Can a song in one key contain notes in another key?
Question: Can a song in one key contain notes in another key?

Answer: The short answer to the first part is: no.

The longer answer goes something like this: a piece is said to be in a certain key if it creates the sense that the tonic harmony of that key is "home base." That will be the feeling you get if the music repeatedly "cadences" in that key. The kind of cadence I mean is where the harmony moves from the dominant (major chord built on the 5th note of the scale) to the tonic (the chord built on the tonic note of the key). Especially, of course, in the final cadence at the end.

But in between the beginning and the end all sorts of things might happen, and those could involve borrowing notes that are not actually in the scale belonging to that key. In popular music one of the most common borrowings will come from using a "secondary dominant," also known as "V of V." For example, in C major you might strengthen a change from d minor (the ii chord in C) to G (the dominant in C) by sharping the F in the d minor chord so that becomes major and sounds like it could be the V if you momentarily imagined yourself to be in the key of G. If you kept that up and repeatedly cadenced to G then you'd have "modulated" to the key of G. But if you just do this for the moment, to add some fun to that D chord, you're borrowed a note, F#, from the key of G and yet you're still in C.
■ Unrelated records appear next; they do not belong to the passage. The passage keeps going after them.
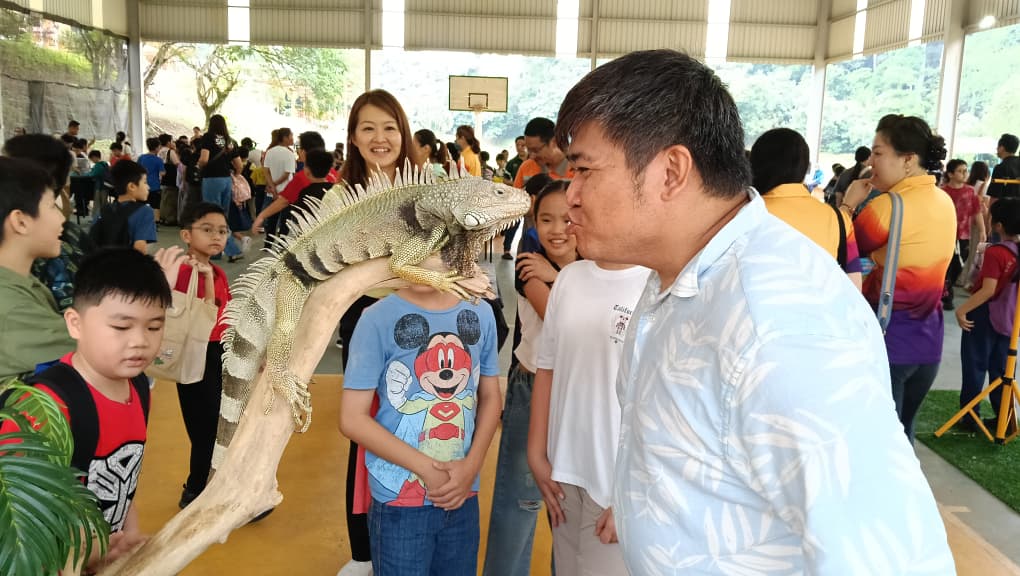 东（已签发）：士满慕华小“迷你动物园”庆儿童节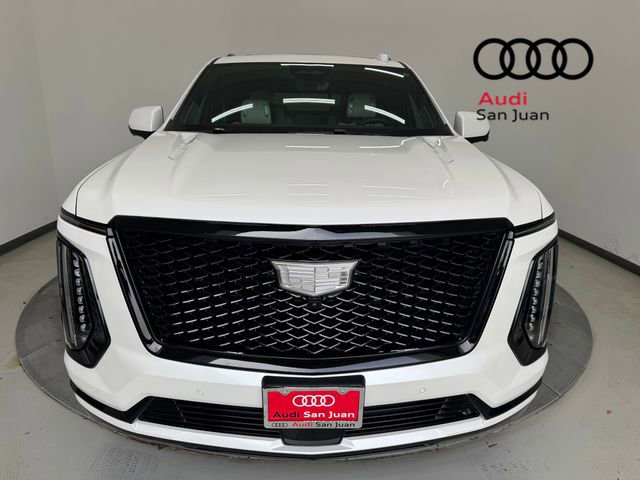 Used 2025 Cadillac Escalade Sport Platinum w/ LPO, ONYX Package AWD/4WD image 2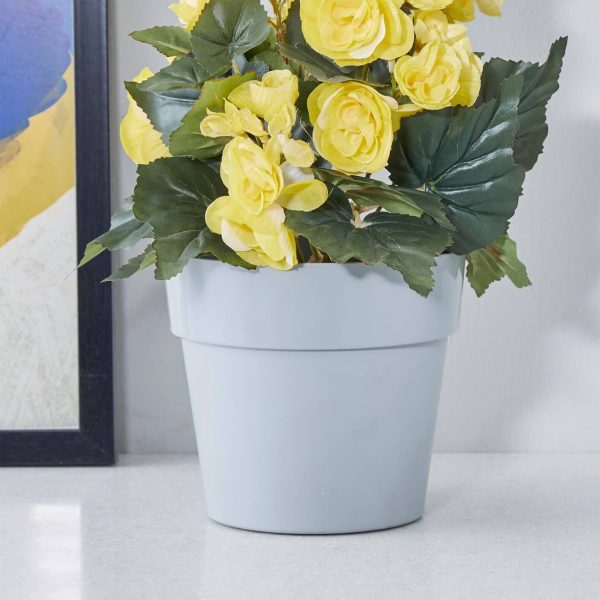 Triangular Planter, Grey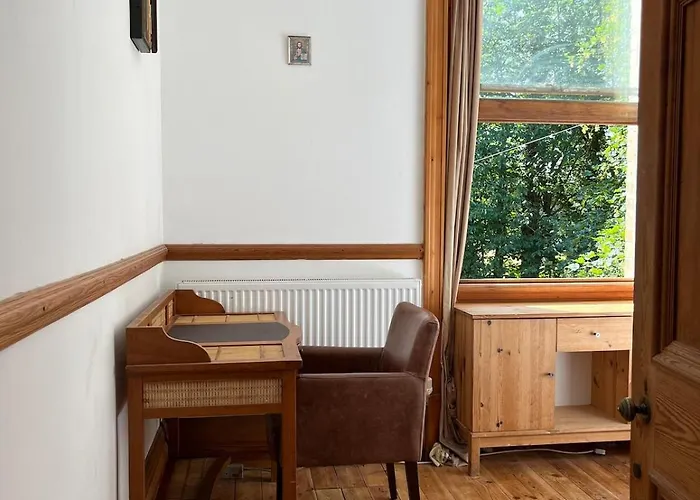 Spacious Family And Pet Friendly Home With Sea Views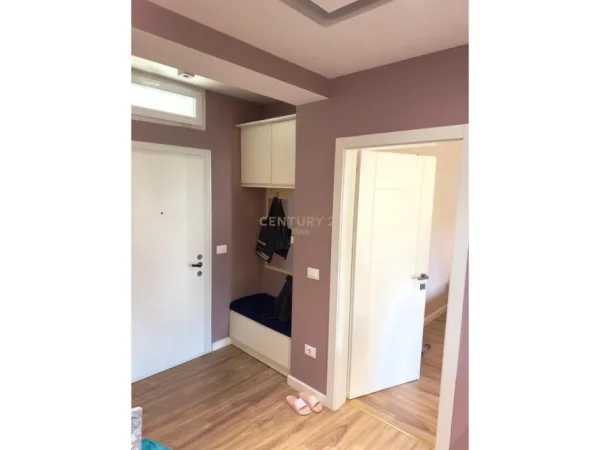 Tirane, jepet me qera apartament 1+1+Ballkon Kati 3, 62 m² 650 € (EL117738)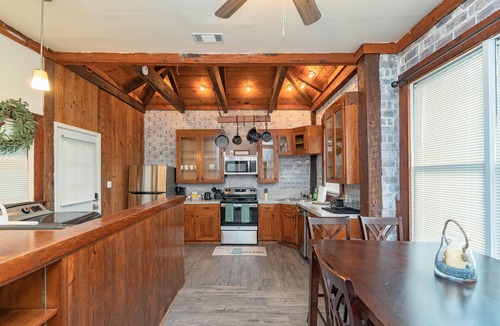 Montgomery House | 2 BR Cloverdale Duplex w/Large Country Kitchen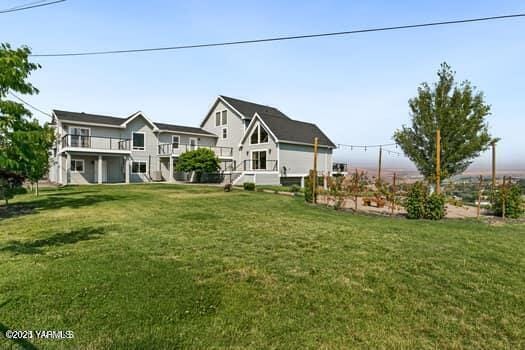921 Tibbling Rd, Selah, WA 98942 - back of house with a lawn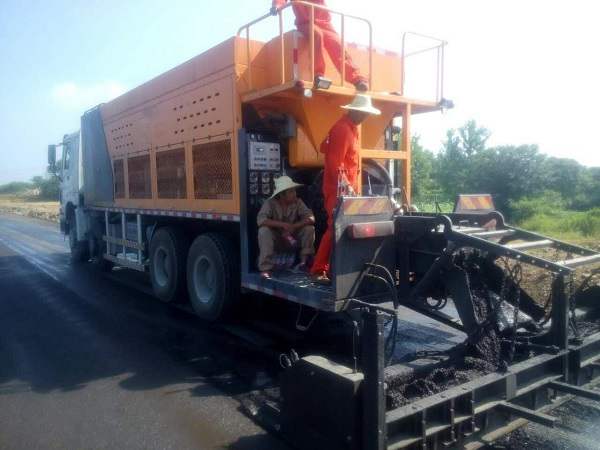 5 ways to improve the production efficiency of road construction machinery_1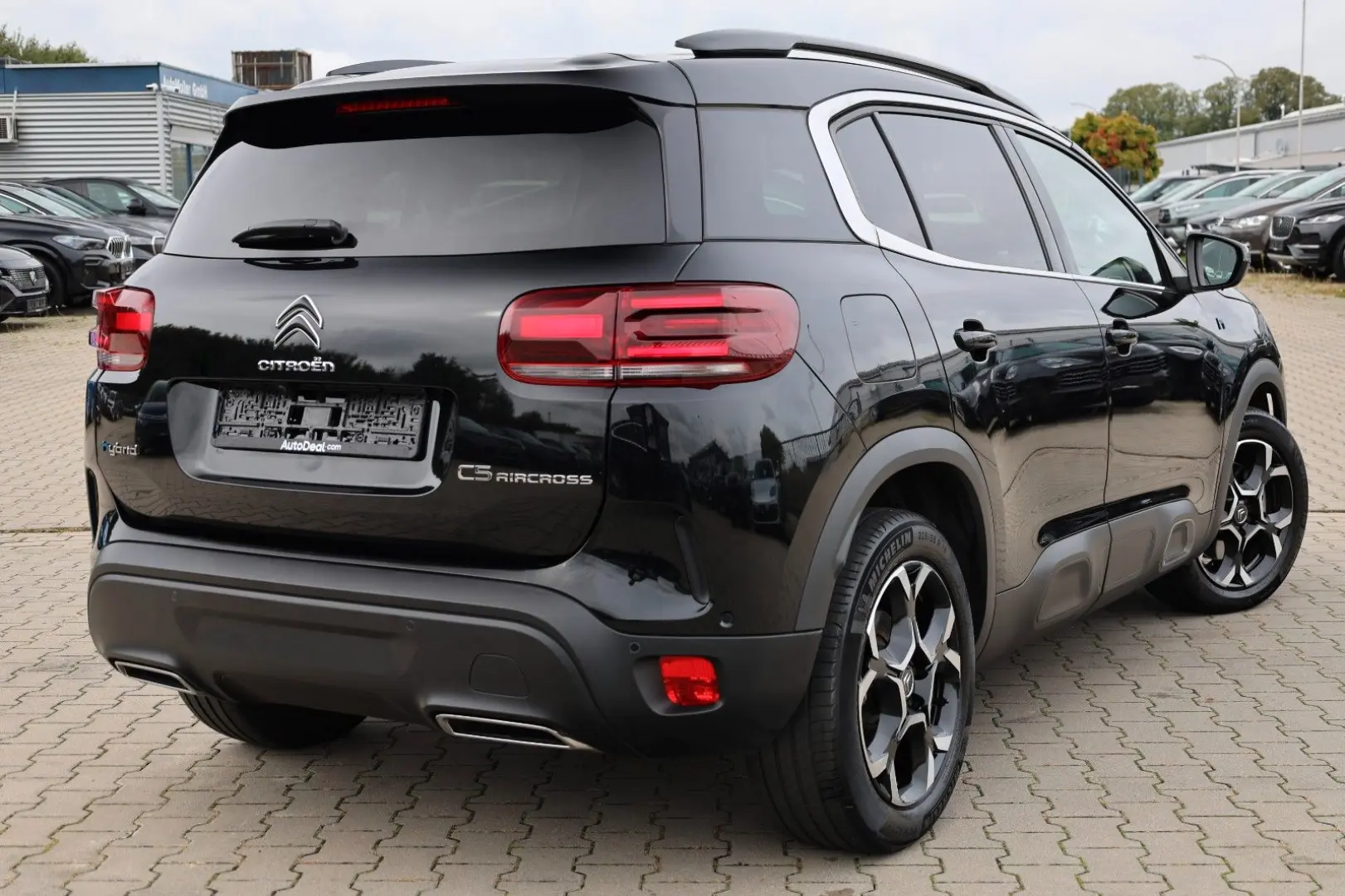 C5 Aircross 1.6 L. SHINE PHEV * 225 PS*CO2-31
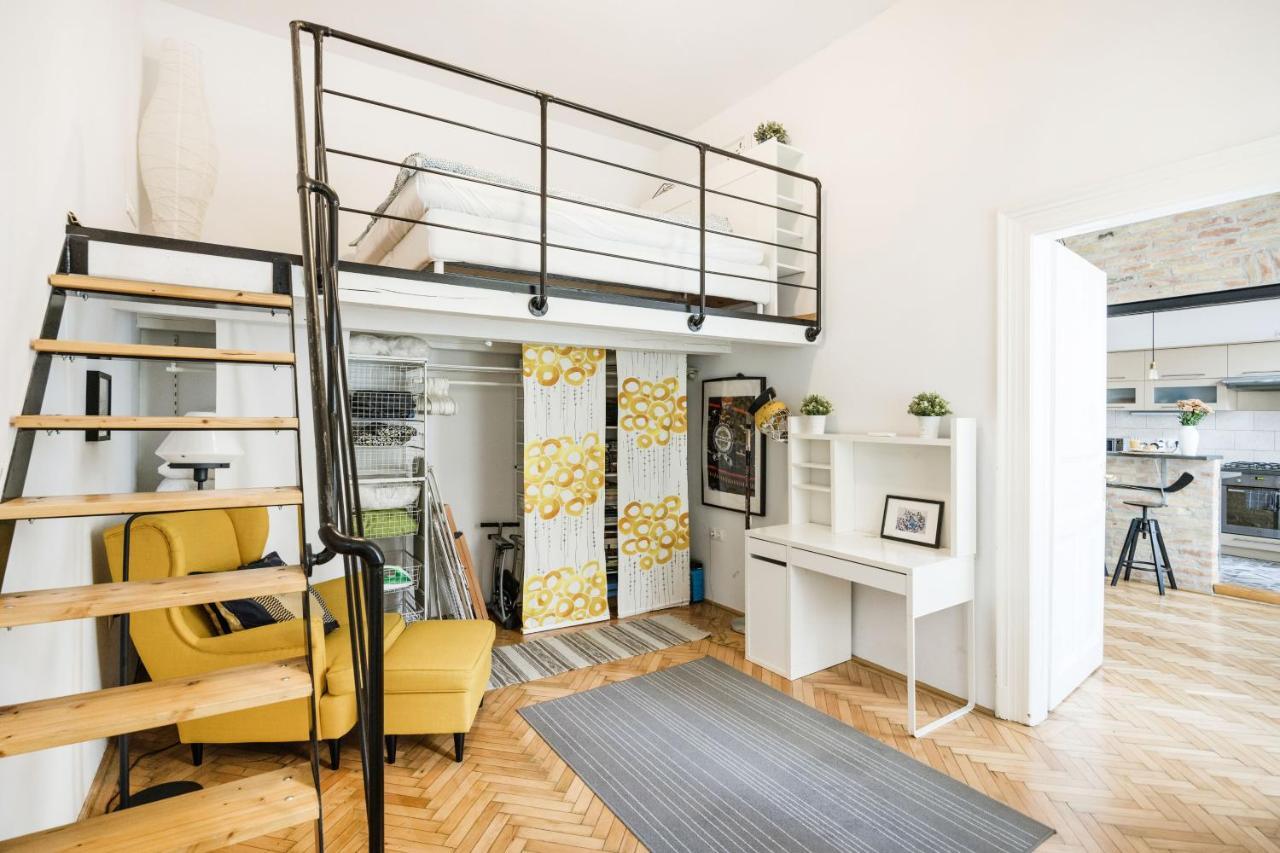 Live Like A Local At The Rustic Hockey Hut Leilighet Budapest Eksteriør bilde
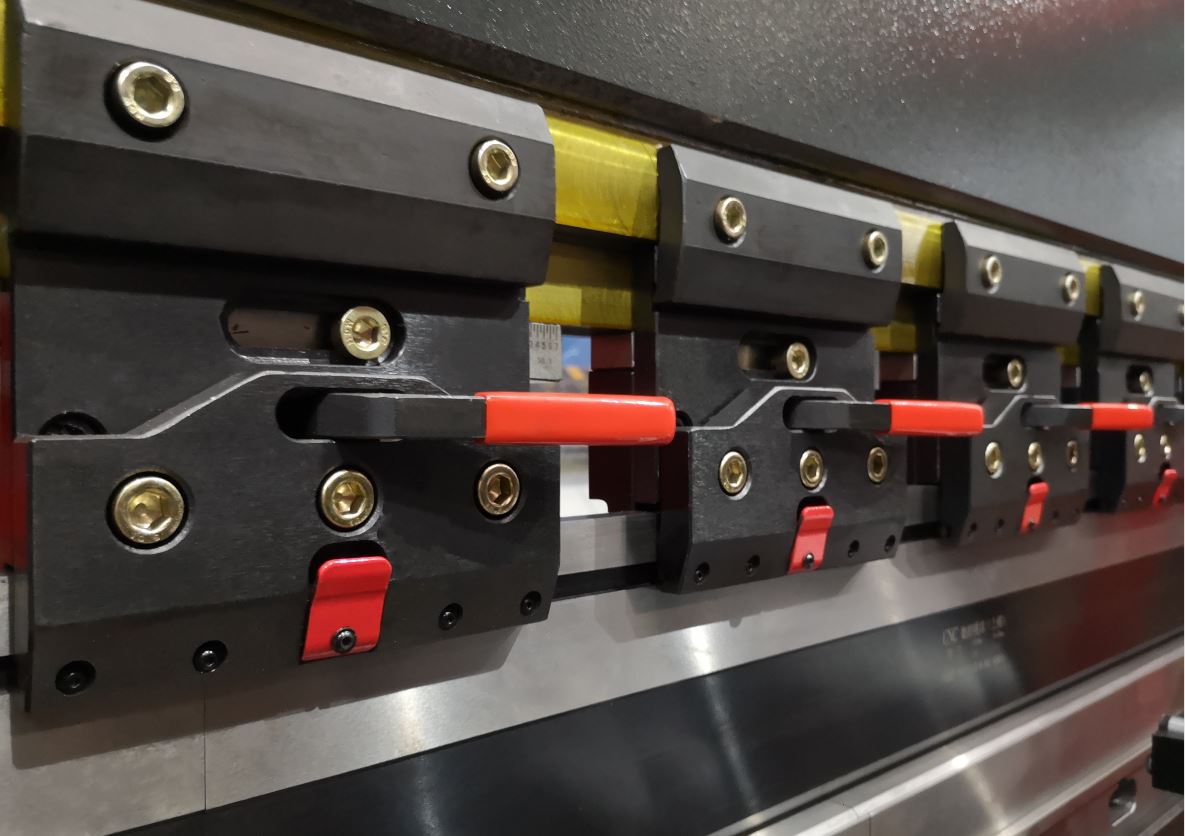 Delem Da66t 125 3+1 4+1 6+1 8+1 Cnc Hydraulic Press Brake For Metal Plate Bending Delem Da66t 125 3+1 4+1 6+1 8+1 Cnc гидравлический листогибочный пресс для гибки металлической пластины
Still using C major as the example, other common borrowings might be G#, to make an E major or E7 chord (V or V7 of vi), and C# as part of A or A7 (V or V7 of ii).

A little less usual would be temporary borrowings like Ab as part of a vii 7 dim chord (B,D,F,Ab) that moves to I much like the V chord does. And there are more, generally described as "altered chords."

What all those borrowings have in common is that they are just momentary effects that don't take you far enough away to be called a modulation. If you do use the same altered note repeatedly, for example using the chord pair "V of V, V" several times in a row, then you might give the impression that you're setting up camp in a new key now, and that would be a modulation to the new key.

Answers like this one just seem to go on and on. Not sure when to stop.